Dual Citizenship and Elective Office (Iraq Edition)

Iraqis are wondering if their legislators should be permitted to hold dual citizenship (see here).  Current law permits multiple nationality but not among those holding “senior positions” in the government.  Some want to clarify the bar to include parliamentarians.  There’s apparently some concern that dual citizenship gives corrupt officials an escape hatch, as in, they have someplace to flee when the prosecutors come knocking.

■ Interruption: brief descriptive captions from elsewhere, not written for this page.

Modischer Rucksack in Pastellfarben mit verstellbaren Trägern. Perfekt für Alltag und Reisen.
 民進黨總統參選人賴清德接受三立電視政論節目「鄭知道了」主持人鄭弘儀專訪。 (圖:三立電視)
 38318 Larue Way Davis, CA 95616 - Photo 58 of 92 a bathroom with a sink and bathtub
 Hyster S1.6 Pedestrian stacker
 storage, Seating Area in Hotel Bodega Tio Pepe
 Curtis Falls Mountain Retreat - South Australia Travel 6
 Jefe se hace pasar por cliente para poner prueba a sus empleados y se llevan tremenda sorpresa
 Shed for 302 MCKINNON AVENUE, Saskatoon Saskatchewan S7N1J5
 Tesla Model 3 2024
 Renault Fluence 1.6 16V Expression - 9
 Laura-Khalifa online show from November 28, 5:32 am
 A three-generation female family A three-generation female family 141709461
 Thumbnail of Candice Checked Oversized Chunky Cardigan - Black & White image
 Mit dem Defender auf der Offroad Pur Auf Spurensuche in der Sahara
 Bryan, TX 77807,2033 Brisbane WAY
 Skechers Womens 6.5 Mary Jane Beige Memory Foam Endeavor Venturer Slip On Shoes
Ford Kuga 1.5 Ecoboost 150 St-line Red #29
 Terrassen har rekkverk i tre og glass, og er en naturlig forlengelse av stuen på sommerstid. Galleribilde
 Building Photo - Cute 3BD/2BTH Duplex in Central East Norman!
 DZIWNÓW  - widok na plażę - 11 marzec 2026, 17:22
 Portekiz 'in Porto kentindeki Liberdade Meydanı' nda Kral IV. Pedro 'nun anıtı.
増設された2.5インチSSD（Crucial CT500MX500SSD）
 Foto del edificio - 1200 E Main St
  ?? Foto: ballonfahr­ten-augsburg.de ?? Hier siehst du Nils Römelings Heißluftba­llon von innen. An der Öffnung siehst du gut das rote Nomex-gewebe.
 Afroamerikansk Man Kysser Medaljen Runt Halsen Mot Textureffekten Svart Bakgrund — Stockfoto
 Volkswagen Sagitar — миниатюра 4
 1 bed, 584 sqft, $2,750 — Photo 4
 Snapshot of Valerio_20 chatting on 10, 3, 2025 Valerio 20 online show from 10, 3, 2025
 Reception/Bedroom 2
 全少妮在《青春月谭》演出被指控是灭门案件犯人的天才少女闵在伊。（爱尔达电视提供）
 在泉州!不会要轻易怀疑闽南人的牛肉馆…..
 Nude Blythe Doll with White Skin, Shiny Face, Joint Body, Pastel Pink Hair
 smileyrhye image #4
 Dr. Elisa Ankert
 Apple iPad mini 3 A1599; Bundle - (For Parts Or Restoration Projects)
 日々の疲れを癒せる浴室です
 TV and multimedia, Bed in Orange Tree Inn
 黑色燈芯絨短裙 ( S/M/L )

But that would seem more an issue for extradition regimes than about dual citizenship.  The issue is being debated elsewhere, mostly in countries with longstanding prohibitions on office-holding by dual nationals, often pursuant to express constitutional provisions (among them Australia, Jamaica, Bangladesh, Malawi, Nigeria, and Latvia, as well as in Hong Kong). In contrast to Iraq, several of these regimes are coming under attack from the opposite direction, with mounting pressure to eliminate ineligibility (see examples here, here, and here). The problem is that repealing the restrictions will typically look like a loser issue from the sitting legislator’s perspective.  As one Jamaican editorial put it, “Any overhaul, on the face of it, will require not only legislative action, but approval by the people in a referendum. But a governing party, especially one with a slim majority, is likely to consider a plebiscite politically risky.”

On the merits, ineligibility is starting to look pretty silly.  Let voters decide if they trust a dual citizen with legislative authorities.  Why deprive them of a choice?